DATASET EXTRACT
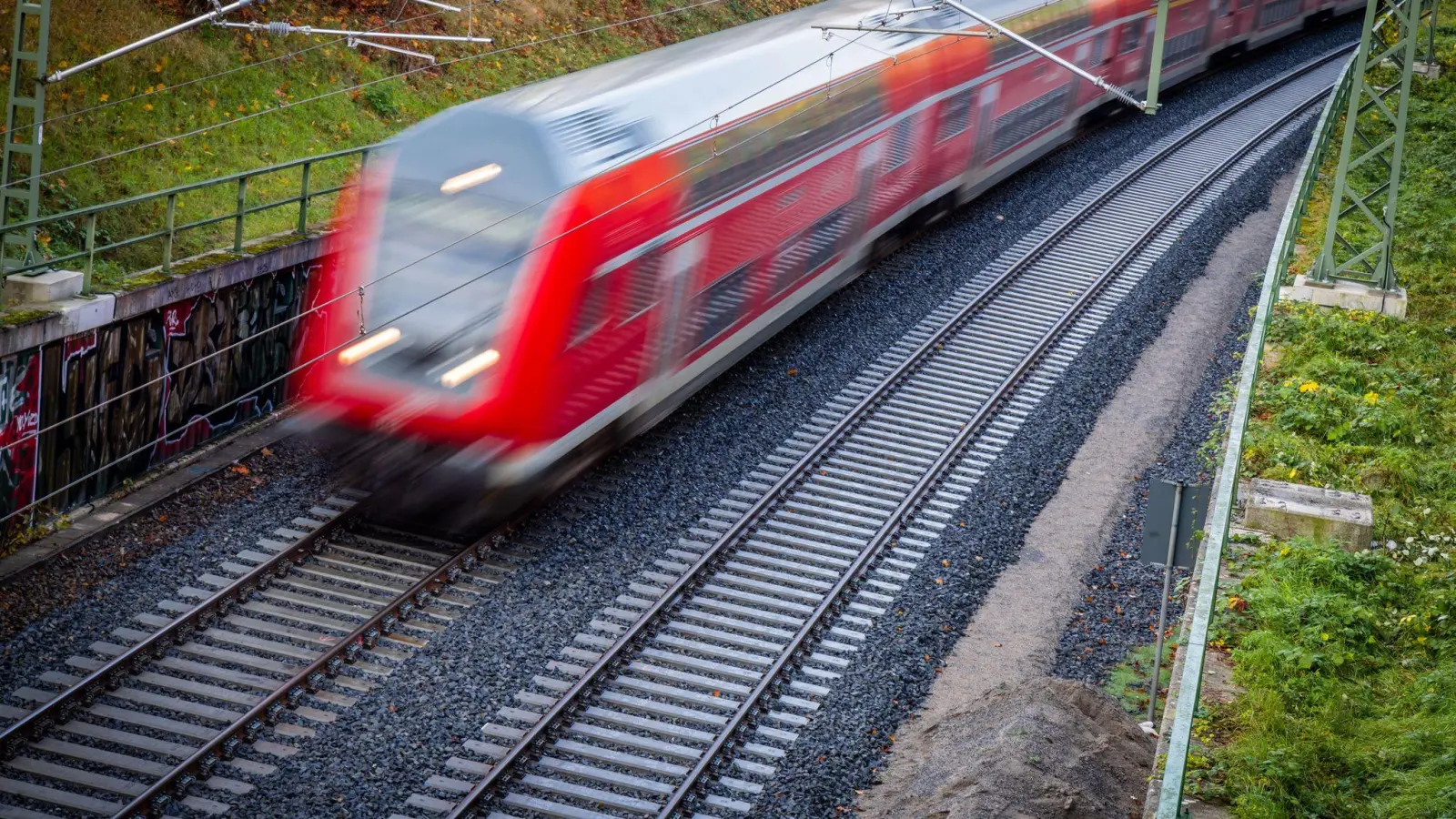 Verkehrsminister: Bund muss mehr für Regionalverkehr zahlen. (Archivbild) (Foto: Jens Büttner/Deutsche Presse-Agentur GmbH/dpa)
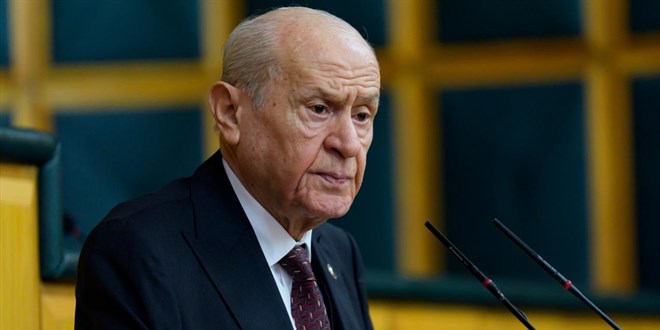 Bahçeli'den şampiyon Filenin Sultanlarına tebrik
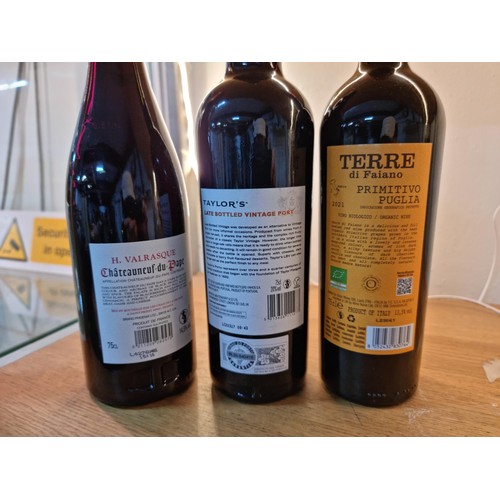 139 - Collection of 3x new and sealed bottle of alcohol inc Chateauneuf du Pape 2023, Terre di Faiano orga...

PROBLEM STATEMENT
Print exactly the line containing "Bahçeli'den şampiyon Filenin" and every line after it through the final line above, and leave all pictures out.

RESULT OF THE EXERCISE
 Bahçeli'den şampiyon Filenin Sultanlarına tebrik
 139 - Collection of 3x new and sealed bottle of alcohol inc Chateauneuf du Pape 2023, Terre di Faiano orga...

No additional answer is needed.